PDF text is a subject which causes much confusion. People look at PDF files and they are a fantastic way to present content. If setup correctly, you can be sure they will appear exactly as you intended (with none of that horrid wrong formatting you get in Microsoft Word if the user does not have your fonts). They are secure, self-contained and cross-platform.

The problem comes with extraction. People look at the text layout. Because the human eye is very good at working out the flow of the page, they assume that this information is all in the file.

The PDF file is really a form of Vector graphic – it contains a whole load of commands to draw shapes, images and text. So long as the end result looks correct that is the key requirement. Often the text will be in the correct order but there is no guarantee. Nothing in PDF specification enforces any standardization.

Complex structures such as tables exist because your brain perceives them on the finished document – there is nothing describing them in the PDF beyond a set of draw String commands at certain locations.

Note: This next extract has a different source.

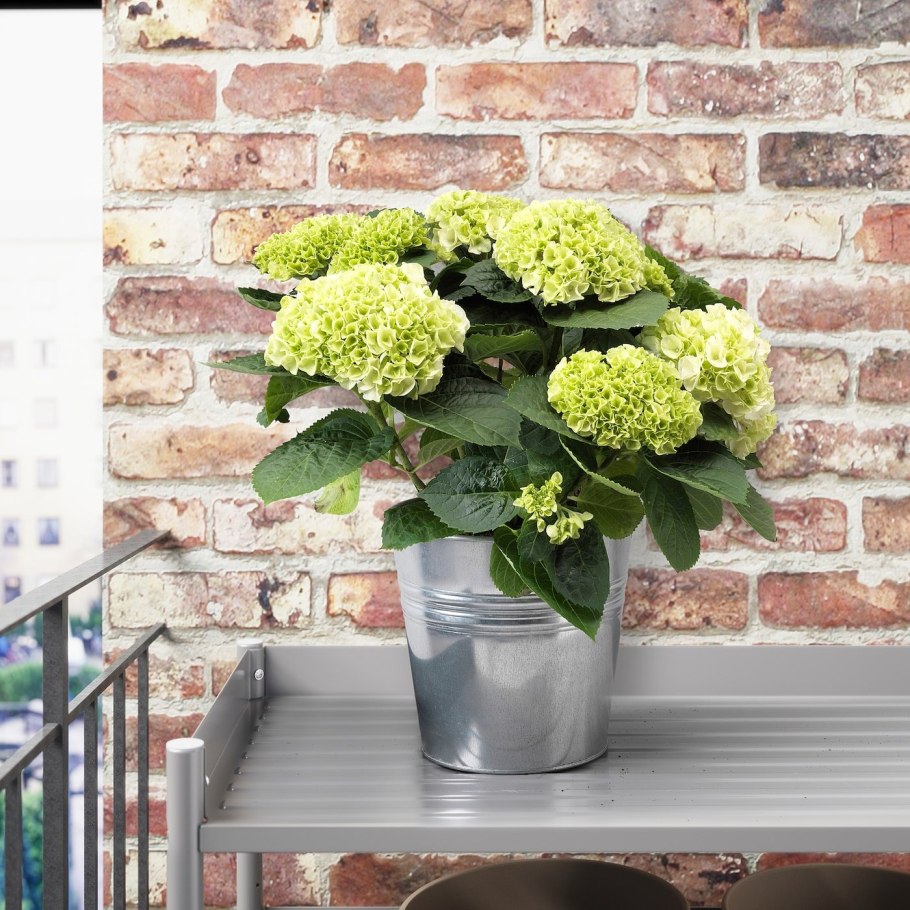 СМИККА икеа гидрангея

I was sent a PDF file once created with a tool which obviously started life as a plotter. With a plotter, the slowest activity is to change the pen on the plotter, so where possible you try to draw all the black lines first, then change the pen. In this PDF, all the bold text on the page was drawn first, and then the rest, font by font. It looked perfect to view, but it was very messy inside.

You can extract text from PDF files , but you have to allow for all of these possibilities and there is no heuristics capable of handling all the possible options. The more general you make the algorithm the less able it becomes. In our software we took the decision to try and provide some solutions focused on specific tasks (ie keywords, tables, flowing text). Many times this works perfectly, but it is always a guessing game.

If you are creating PDF files and want the text to be extracted, you should use Adobe’s Structured Content feature. This does include tagging information in the PDF making it possible to extract a perfect XML version of the page – but it needs to be switched on to be in the file.

Otherwise, remember that a PDF is essentially a Vector graphic and while it may look perfectly structured, that the structure is probably your brains perception of the picture and not in the file.